━━━━━ MATERIAL SUPPLIED ━━━━━

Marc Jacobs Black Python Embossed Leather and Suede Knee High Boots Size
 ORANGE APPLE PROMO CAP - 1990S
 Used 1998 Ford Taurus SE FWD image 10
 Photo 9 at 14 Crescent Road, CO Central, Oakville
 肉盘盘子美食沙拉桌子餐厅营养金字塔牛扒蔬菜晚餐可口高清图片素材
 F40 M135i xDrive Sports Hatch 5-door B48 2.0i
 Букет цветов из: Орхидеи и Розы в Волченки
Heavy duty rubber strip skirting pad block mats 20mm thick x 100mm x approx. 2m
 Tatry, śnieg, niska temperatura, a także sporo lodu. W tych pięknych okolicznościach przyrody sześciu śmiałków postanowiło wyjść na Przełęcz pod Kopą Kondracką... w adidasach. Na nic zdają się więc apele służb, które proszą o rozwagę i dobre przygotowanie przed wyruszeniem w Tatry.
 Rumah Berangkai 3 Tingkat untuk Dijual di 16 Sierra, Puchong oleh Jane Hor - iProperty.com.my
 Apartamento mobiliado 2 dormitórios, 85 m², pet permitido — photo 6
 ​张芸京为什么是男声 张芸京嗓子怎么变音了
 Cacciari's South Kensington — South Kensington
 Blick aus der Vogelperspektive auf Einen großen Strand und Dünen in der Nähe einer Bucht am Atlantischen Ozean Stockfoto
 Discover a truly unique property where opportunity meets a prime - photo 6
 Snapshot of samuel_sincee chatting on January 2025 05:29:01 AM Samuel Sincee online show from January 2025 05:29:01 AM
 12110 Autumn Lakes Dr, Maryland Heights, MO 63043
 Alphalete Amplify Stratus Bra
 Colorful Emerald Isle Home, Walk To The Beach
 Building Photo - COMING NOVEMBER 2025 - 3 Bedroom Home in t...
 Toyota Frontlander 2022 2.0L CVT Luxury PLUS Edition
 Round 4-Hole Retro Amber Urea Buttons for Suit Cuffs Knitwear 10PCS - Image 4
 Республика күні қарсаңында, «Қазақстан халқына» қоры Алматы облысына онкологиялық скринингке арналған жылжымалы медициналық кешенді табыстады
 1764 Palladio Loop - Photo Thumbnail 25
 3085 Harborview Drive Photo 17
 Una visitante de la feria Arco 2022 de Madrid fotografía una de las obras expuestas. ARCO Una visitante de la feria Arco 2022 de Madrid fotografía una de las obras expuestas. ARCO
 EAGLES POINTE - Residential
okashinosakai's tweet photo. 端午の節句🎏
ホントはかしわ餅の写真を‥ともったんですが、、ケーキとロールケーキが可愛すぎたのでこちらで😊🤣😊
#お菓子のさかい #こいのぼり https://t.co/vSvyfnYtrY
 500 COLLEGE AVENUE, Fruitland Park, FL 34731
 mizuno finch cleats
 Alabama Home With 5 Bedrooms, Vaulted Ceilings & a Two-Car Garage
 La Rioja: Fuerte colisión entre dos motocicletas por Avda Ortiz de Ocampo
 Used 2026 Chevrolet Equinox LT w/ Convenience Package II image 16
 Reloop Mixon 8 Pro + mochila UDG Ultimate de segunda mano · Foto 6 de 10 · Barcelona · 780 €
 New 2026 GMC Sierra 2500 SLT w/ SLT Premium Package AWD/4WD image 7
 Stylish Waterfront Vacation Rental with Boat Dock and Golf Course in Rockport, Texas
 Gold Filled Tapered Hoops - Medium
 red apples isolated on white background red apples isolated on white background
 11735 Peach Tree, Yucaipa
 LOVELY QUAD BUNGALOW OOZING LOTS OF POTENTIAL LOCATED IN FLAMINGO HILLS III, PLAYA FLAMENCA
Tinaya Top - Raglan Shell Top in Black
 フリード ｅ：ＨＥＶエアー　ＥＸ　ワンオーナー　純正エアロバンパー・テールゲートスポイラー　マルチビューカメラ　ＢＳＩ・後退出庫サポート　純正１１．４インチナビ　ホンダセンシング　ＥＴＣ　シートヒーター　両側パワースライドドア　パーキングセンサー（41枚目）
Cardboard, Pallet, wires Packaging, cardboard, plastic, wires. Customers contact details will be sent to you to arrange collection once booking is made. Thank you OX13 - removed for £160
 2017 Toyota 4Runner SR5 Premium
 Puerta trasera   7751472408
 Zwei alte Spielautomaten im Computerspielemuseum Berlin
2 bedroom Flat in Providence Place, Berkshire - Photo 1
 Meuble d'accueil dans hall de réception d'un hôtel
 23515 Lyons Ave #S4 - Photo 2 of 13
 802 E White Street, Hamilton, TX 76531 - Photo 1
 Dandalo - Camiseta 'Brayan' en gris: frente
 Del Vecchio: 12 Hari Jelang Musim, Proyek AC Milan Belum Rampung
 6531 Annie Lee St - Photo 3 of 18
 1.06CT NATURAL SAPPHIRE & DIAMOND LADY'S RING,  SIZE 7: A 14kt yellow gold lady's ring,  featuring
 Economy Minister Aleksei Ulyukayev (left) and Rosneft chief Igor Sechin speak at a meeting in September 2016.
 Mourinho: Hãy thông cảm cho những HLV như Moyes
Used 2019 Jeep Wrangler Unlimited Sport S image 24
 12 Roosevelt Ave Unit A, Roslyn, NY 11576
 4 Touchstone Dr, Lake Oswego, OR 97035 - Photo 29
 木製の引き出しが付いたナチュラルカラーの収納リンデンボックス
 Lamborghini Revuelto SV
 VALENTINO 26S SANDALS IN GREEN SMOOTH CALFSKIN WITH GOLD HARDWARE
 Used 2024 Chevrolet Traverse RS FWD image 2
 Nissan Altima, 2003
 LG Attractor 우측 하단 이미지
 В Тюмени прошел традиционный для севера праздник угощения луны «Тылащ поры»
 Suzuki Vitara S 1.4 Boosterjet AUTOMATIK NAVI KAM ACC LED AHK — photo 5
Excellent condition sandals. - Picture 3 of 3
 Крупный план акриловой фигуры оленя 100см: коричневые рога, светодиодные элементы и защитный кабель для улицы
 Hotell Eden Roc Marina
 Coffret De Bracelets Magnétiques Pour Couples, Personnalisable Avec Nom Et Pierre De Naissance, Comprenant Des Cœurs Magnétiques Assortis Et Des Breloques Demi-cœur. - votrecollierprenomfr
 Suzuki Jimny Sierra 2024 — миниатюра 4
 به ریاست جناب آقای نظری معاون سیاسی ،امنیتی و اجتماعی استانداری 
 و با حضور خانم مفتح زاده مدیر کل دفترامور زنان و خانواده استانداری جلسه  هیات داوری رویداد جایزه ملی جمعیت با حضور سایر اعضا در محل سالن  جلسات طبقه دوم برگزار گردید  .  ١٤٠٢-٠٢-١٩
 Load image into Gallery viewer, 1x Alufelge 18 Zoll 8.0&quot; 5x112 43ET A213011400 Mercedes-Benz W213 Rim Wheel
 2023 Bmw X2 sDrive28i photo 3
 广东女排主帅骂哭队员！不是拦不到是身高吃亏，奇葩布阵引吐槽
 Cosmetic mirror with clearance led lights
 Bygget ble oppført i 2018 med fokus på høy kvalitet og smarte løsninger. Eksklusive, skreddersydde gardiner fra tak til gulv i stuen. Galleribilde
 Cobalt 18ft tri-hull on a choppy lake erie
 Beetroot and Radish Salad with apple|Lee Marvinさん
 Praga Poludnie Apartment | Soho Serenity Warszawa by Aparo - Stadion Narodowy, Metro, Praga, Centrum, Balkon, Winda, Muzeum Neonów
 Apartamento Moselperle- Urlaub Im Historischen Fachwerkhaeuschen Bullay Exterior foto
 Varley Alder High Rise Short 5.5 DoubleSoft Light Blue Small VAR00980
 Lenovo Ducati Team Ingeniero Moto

━━━━━

• ACTIVITY: Would you output every line of the listing exactly?

• RESULT OF THE TASK:
Marc Jacobs Black Python Embossed Leather and Suede Knee High Boots Size
 ORANGE APPLE PROMO CAP - 1990S
 Used 1998 Ford Taurus SE FWD image 10
 Photo 9 at 14 Crescent Road, CO Central, Oakville
 肉盘盘子美食沙拉桌子餐厅营养金字塔牛扒蔬菜晚餐可口高清图片素材
 F40 M135i xDrive Sports Hatch 5-door B48 2.0i
 Букет цветов из: Орхидеи и Розы в Волченки
Heavy duty rubber strip skirting pad block mats 20mm thick x 100mm x approx. 2m
 Tatry, śnieg, niska temperatura, a także sporo lodu. W tych pięknych okolicznościach przyrody sześciu śmiałków postanowiło wyjść na Przełęcz pod Kopą Kondracką... w adidasach. Na nic zdają się więc apele służb, które proszą o rozwagę i dobre przygotowanie przed wyruszeniem w Tatry.
 Rumah Berangkai 3 Tingkat untuk Dijual di 16 Sierra, Puchong oleh Jane Hor - iProperty.com.my
 Apartamento mobiliado 2 dormitórios, 85 m², pet permitido — photo 6
 ​张芸京为什么是男声 张芸京嗓子怎么变音了
 Cacciari's South Kensington — South Kensington
 Blick aus der Vogelperspektive auf Einen großen Strand und Dünen in der Nähe einer Bucht am Atlantischen Ozean Stockfoto
 Discover a truly unique property where opportunity meets a prime - photo 6
 Snapshot of samuel_sincee chatting on January 2025 05:29:01 AM Samuel Sincee online show from January 2025 05:29:01 AM
 12110 Autumn Lakes Dr, Maryland Heights, MO 63043
 Alphalete Amplify Stratus Bra
 Colorful Emerald Isle Home, Walk To The Beach
 Building Photo - COMING NOVEMBER 2025 - 3 Bedroom Home in t...
 Toyota Frontlander 2022 2.0L CVT Luxury PLUS Edition
 Round 4-Hole Retro Amber Urea Buttons for Suit Cuffs Knitwear 10PCS - Image 4
 Республика күні қарсаңында, «Қазақстан халқына» қоры Алматы облысына онкологиялық скринингке арналған жылжымалы медициналық кешенді табыстады
 1764 Palladio Loop - Photo Thumbnail 25
 3085 Harborview Drive Photo 17
 Una visitante de la feria Arco 2022 de Madrid fotografía una de las obras expuestas. ARCO Una visitante de la feria Arco 2022 de Madrid fotografía una de las obras expuestas. ARCO
 EAGLES POINTE - Residential
okashinosakai's tweet photo. 端午の節句🎏
ホントはかしわ餅の写真を‥ともったんですが、、ケーキとロールケーキが可愛すぎたのでこちらで😊🤣😊
#お菓子のさかい #こいのぼり https://t.co/vSvyfnYtrY
 500 COLLEGE AVENUE, Fruitland Park, FL 34731
 mizuno finch cleats
 Alabama Home With 5 Bedrooms, Vaulted Ceilings & a Two-Car Garage
 La Rioja: Fuerte colisión entre dos motocicletas por Avda Ortiz de Ocampo
 Used 2026 Chevrolet Equinox LT w/ Convenience Package II image 16
 Reloop Mixon 8 Pro + mochila UDG Ultimate de segunda mano · Foto 6 de 10 · Barcelona · 780 €
 New 2026 GMC Sierra 2500 SLT w/ SLT Premium Package AWD/4WD image 7
 Stylish Waterfront Vacation Rental with Boat Dock and Golf Course in Rockport, Texas
 Gold Filled Tapered Hoops - Medium
 red apples isolated on white background red apples isolated on white background
 11735 Peach Tree, Yucaipa
 LOVELY QUAD BUNGALOW OOZING LOTS OF POTENTIAL LOCATED IN FLAMINGO HILLS III, PLAYA FLAMENCA
Tinaya Top - Raglan Shell Top in Black
 フリード ｅ：ＨＥＶエアー　ＥＸ　ワンオーナー　純正エアロバンパー・テールゲートスポイラー　マルチビューカメラ　ＢＳＩ・後退出庫サポート　純正１１．４インチナビ　ホンダセンシング　ＥＴＣ　シートヒーター　両側パワースライドドア　パーキングセンサー（41枚目）
Cardboard, Pallet, wires Packaging, cardboard, plastic, wires. Customers contact details will be sent to you to arrange collection once booking is made. Thank you OX13 - removed for £160
 2017 Toyota 4Runner SR5 Premium
 Puerta trasera   7751472408
 Zwei alte Spielautomaten im Computerspielemuseum Berlin
2 bedroom Flat in Providence Place, Berkshire - Photo 1
 Meuble d'accueil dans hall de réception d'un hôtel
 23515 Lyons Ave #S4 - Photo 2 of 13
 802 E White Street, Hamilton, TX 76531 - Photo 1
 Dandalo - Camiseta 'Brayan' en gris: frente
 Del Vecchio: 12 Hari Jelang Musim, Proyek AC Milan Belum Rampung
 6531 Annie Lee St - Photo 3 of 18
 1.06CT NATURAL SAPPHIRE & DIAMOND LADY'S RING,  SIZE 7: A 14kt yellow gold lady's ring,  featuring
 Economy Minister Aleksei Ulyukayev (left) and Rosneft chief Igor Sechin speak at a meeting in September 2016.
 Mourinho: Hãy thông cảm cho những HLV như Moyes
Used 2019 Jeep Wrangler Unlimited Sport S image 24
 12 Roosevelt Ave Unit A, Roslyn, NY 11576
 4 Touchstone Dr, Lake Oswego, OR 97035 - Photo 29
 木製の引き出しが付いたナチュラルカラーの収納リンデンボックス
 Lamborghini Revuelto SV
 VALENTINO 26S SANDALS IN GREEN SMOOTH CALFSKIN WITH GOLD HARDWARE
 Used 2024 Chevrolet Traverse RS FWD image 2
 Nissan Altima, 2003
 LG Attractor 우측 하단 이미지
 В Тюмени прошел традиционный для севера праздник угощения луны «Тылащ поры»
 Suzuki Vitara S 1.4 Boosterjet AUTOMATIK NAVI KAM ACC LED AHK — photo 5
Excellent condition sandals. - Picture 3 of 3
 Крупный план акриловой фигуры оленя 100см: коричневые рога, светодиодные элементы и защитный кабель для улицы
 Hotell Eden Roc Marina
 Coffret De Bracelets Magnétiques Pour Couples, Personnalisable Avec Nom Et Pierre De Naissance, Comprenant Des Cœurs Magnétiques Assortis Et Des Breloques Demi-cœur. - votrecollierprenomfr
 Suzuki Jimny Sierra 2024 — миниатюра 4
 به ریاست جناب آقای نظری معاون سیاسی ،امنیتی و اجتماعی استانداری 
 و با حضور خانم مفتح زاده مدیر کل دفترامور زنان و خانواده استانداری جلسه  هیات داوری رویداد جایزه ملی جمعیت با حضور سایر اعضا در محل سالن  جلسات طبقه دوم برگزار گردید  .  ١٤٠٢-٠٢-١٩
 Load image into Gallery viewer, 1x Alufelge 18 Zoll 8.0&quot; 5x112 43ET A213011400 Mercedes-Benz W213 Rim Wheel
 2023 Bmw X2 sDrive28i photo 3
 广东女排主帅骂哭队员！不是拦不到是身高吃亏，奇葩布阵引吐槽
 Cosmetic mirror with clearance led lights
 Bygget ble oppført i 2018 med fokus på høy kvalitet og smarte løsninger. Eksklusive, skreddersydde gardiner fra tak til gulv i stuen. Galleribilde
 Cobalt 18ft tri-hull on a choppy lake erie
 Beetroot and Radish Salad with apple|Lee Marvinさん
 Praga Poludnie Apartment | Soho Serenity Warszawa by Aparo - Stadion Narodowy, Metro, Praga, Centrum, Balkon, Winda, Muzeum Neonów
 Apartamento Moselperle- Urlaub Im Historischen Fachwerkhaeuschen Bullay Exterior foto
 Varley Alder High Rise Short 5.5 DoubleSoft Light Blue Small VAR00980
 Lenovo Ducati Team Ingeniero Moto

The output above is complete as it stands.